**Action item**: Go through the entries and write each one out again unchanged.
Data shown Start Marker
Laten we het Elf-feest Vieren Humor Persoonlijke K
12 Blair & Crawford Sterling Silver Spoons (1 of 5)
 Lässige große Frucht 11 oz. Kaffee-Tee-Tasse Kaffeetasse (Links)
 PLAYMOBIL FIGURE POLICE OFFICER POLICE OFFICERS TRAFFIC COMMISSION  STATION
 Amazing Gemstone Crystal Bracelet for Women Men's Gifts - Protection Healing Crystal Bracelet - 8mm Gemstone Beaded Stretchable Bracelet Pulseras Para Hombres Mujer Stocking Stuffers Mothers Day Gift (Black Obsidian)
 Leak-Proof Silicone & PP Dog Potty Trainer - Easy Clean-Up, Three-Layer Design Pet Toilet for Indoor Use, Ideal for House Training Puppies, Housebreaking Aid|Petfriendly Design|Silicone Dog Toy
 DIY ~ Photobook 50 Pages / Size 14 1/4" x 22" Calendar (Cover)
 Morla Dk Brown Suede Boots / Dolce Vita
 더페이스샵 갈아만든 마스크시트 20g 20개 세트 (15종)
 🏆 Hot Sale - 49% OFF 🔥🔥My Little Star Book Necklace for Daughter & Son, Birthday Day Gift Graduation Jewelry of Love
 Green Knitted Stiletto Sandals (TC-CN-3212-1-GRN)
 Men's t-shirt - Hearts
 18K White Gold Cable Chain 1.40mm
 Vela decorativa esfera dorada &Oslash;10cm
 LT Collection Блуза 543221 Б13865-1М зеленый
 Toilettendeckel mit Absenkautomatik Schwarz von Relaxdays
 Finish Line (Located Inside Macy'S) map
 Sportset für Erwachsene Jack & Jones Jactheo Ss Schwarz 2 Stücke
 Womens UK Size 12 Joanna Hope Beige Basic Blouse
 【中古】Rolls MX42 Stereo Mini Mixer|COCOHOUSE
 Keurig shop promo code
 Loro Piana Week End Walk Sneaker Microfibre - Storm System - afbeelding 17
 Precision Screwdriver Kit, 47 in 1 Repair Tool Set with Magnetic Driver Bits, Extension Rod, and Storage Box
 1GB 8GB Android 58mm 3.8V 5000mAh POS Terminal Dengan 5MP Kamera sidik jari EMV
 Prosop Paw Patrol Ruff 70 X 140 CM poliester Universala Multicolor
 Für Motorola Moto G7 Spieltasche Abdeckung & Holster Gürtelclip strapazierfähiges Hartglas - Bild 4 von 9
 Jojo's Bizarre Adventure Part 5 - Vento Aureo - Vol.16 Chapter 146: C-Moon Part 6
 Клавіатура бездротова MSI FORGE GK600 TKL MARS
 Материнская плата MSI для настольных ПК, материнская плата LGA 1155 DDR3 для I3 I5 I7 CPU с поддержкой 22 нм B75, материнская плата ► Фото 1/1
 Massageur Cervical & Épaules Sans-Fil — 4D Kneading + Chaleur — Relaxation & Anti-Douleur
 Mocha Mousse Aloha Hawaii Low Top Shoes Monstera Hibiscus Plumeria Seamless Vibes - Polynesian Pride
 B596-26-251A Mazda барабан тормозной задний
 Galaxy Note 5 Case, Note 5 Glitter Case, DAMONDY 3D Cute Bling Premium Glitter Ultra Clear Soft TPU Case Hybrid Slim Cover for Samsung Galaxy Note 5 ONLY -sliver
Data shown End Marker
**Answer to this problem**:
Laten we het Elf-feest Vieren Humor Persoonlijke K
12 Blair & Crawford Sterling Silver Spoons (1 of 5)
 Lässige große Frucht 11 oz. Kaffee-Tee-Tasse Kaffeetasse (Links)
 PLAYMOBIL FIGURE POLICE OFFICER POLICE OFFICERS TRAFFIC COMMISSION  STATION
 Amazing Gemstone Crystal Bracelet for Women Men's Gifts - Protection Healing Crystal Bracelet - 8mm Gemstone Beaded Stretchable Bracelet Pulseras Para Hombres Mujer Stocking Stuffers Mothers Day Gift (Black Obsidian)
 Leak-Proof Silicone & PP Dog Potty Trainer - Easy Clean-Up, Three-Layer Design Pet Toilet for Indoor Use, Ideal for House Training Puppies, Housebreaking Aid|Petfriendly Design|Silicone Dog Toy
 DIY ~ Photobook 50 Pages / Size 14 1/4" x 22" Calendar (Cover)
 Morla Dk Brown Suede Boots / Dolce Vita
 더페이스샵 갈아만든 마스크시트 20g 20개 세트 (15종)
 🏆 Hot Sale - 49% OFF 🔥🔥My Little Star Book Necklace for Daughter & Son, Birthday Day Gift Graduation Jewelry of Love
 Green Knitted Stiletto Sandals (TC-CN-3212-1-GRN)
 Men's t-shirt - Hearts
 18K White Gold Cable Chain 1.40mm
 Vela decorativa esfera dorada &Oslash;10cm
 LT Collection Блуза 543221 Б13865-1М зеленый
 Toilettendeckel mit Absenkautomatik Schwarz von Relaxdays
 Finish Line (Located Inside Macy'S) map
 Sportset für Erwachsene Jack & Jones Jactheo Ss Schwarz 2 Stücke
 Womens UK Size 12 Joanna Hope Beige Basic Blouse
 【中古】Rolls MX42 Stereo Mini Mixer|COCOHOUSE
 Keurig shop promo code
 Loro Piana Week End Walk Sneaker Microfibre - Storm System - afbeelding 17
 Precision Screwdriver Kit, 47 in 1 Repair Tool Set with Magnetic Driver Bits, Extension Rod, and Storage Box
 1GB 8GB Android 58mm 3.8V 5000mAh POS Terminal Dengan 5MP Kamera sidik jari EMV
 Prosop Paw Patrol Ruff 70 X 140 CM poliester Universala Multicolor
 Für Motorola Moto G7 Spieltasche Abdeckung & Holster Gürtelclip strapazierfähiges Hartglas - Bild 4 von 9
 Jojo's Bizarre Adventure Part 5 - Vento Aureo - Vol.16 Chapter 146: C-Moon Part 6
 Клавіатура бездротова MSI FORGE GK600 TKL MARS
 Материнская плата MSI для настольных ПК, материнская плата LGA 1155 DDR3 для I3 I5 I7 CPU с поддержкой 22 нм B75, материнская плата ► Фото 1/1
 Massageur Cervical & Épaules Sans-Fil — 4D Kneading + Chaleur — Relaxation & Anti-Douleur
 Mocha Mousse Aloha Hawaii Low Top Shoes Monstera Hibiscus Plumeria Seamless Vibes - Polynesian Pride
 B596-26-251A Mazda барабан тормозной задний
 Galaxy Note 5 Case, Note 5 Glitter Case, DAMONDY 3D Cute Bling Premium Glitter Ultra Clear Soft TPU Case Hybrid Slim Cover for Samsung Galaxy Note 5 ONLY -sliver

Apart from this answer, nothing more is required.